What is most disappointing, right from the first pages, is that Bond, in his book version, is not at all funny or cynical and takes life very seriously indeed. Way too seriously, I might add. He is supposedly a highly trained and skilful agent but he appears to have no idea of how to actually carry out his duties. He arrives in America, on a mission to take on the mysterious Mr Big, a master criminal of Jamaican and French origin, who dabbles in black magic and works for SMERSH, the sinister Soviet intelligence organisation that is operating throughout the whole world and causing all sorts of problems for Western governments.

Mr Big is one of the top black criminals in the US. He controls all of Harlem, has his people everywhere, is seriously into voodoo magic and is helping SMERSH to spy against the US. And the way he does it is very odd indeed: he smuggles gold coins from a pirate’s treasure, found in Jamaica, into the US, sells them on the black market and then passes the proceeds to SMERSH. Bond is ordered by his boss ‘M’ to find out where this treasure is hidden and how Mr Big manages to bring all these gold coins into the US undetected. And, of course, agent 007 is told to deal with Mr Big in his usual ruthless way.

Bond in the book is brought to his five-star hotel in New York, compliments of the CIA, and immediately it is clear that the bad guys know that he has arrived and where he is staying. He then asks his CIA contact, Felix Leiter, to take him around the joints of Harlem (for the record, Felix is white too), to get the feel for the atmosphere in which Mr Big operates. Not a great idea, mind you. Two white guys in 1960s Harlem hanging around clubs in Harlem late at night.

Naturally, after ending up in a joint run by Mr Big the two super-spies are captured by the master criminal. A mysterious beautiful woman, Solitaire, is introduced into the narrative to provide Bond with a love interest, who falls in love with him at first sight. Bond then escapes and – here I’d like you to pay special attention – returns to his five-star hotel, even though he knows well that Mr Big is after him and knows where he is staying in New York.

But that is Bond for you – once he gets into the ‘great luxury’ routine there’s no stopping him.

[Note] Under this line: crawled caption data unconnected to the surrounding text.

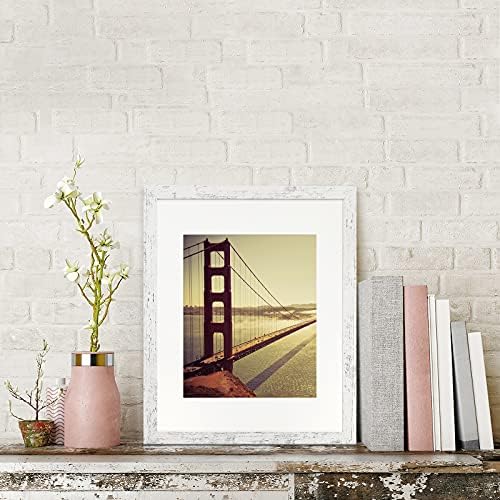 BAIJIALI 8x10 Picture Frame Distressed White Wood Pattern Set of 4 with Tempered Glass,Display Pictures 5x7 with Mat or 8x10 Without Mat, Horizontal and Vertical Formats for Wall and Table Mounting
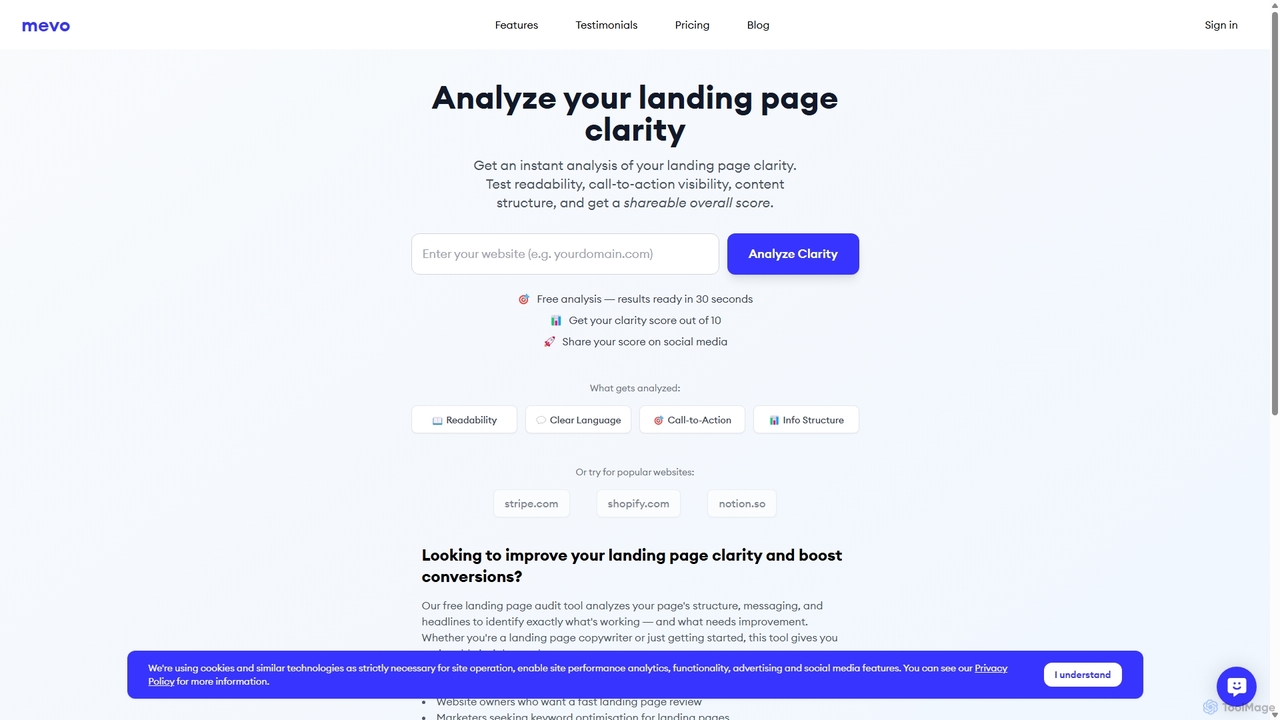 Free Landing Page Clarity Score Analysis - Mevo for Mevo
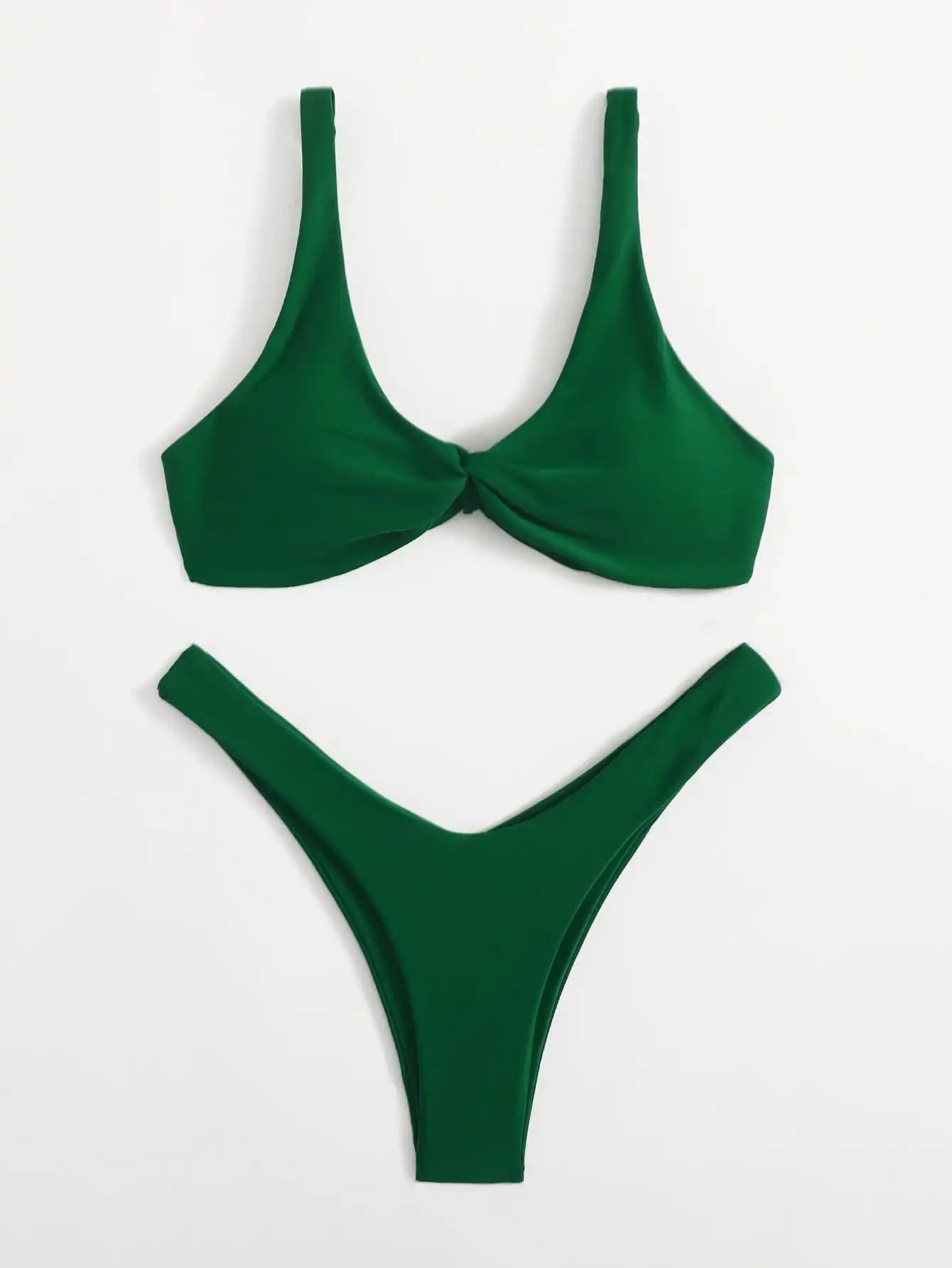 Solid Tie Bikini Set - Padded Push-Up High Leg Brazilian Swimsuit for Women - ZOOMNSTORE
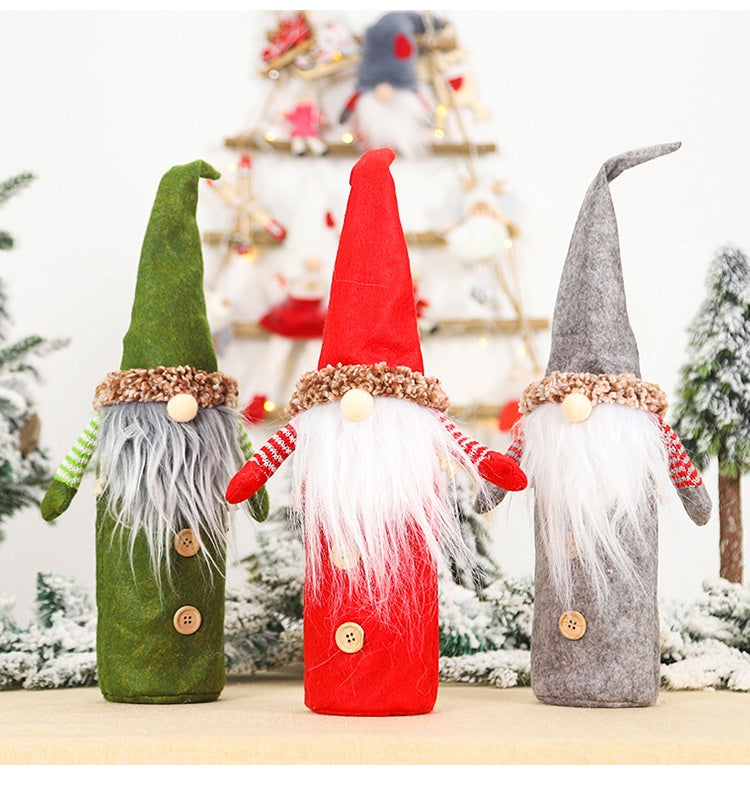 Faceless Old Man Christmas Wine Bottle Cover - Holiday Decor, Wine Sleeve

And so on and on this stupidity continues and we find out, among other things, that Bond has huge respect for his boss ‘M’, whose voice – I’m not kidding you – he ‘loved and obeyed’. We also learn that he is prone to sudden urges to have a stiff drink, at the most inconvenient of times. When, for example, he is getting ready to go on a dangerous mission. We also find out that he falls in love easily and considers people he has just met to be his dearest and most trusted friends in whom he can confide all his deepest secrets. (Smacks of the modern FBI and CIA boys, doesn’t it, when the share confidential information with hacks they’ve never seen before.)

Bond is also prone to get easily spotted by his enemies, being a tall handsome guy with a distinctive scar on his cheek, and he has no idea of how to lose a tail or figure out that going on long walks for no reason may result in bad things happening while he is at it, like the woman he loves getting snatched by the bad guys. And he generally talks too much about things that should have remained secret – another strong parallel with the current lot in the FBI and CIA.

And there you have it. James Bond, the role model for so many spooks these days, was actually rubbish as a spy. And that might explain why they are rubbish as well.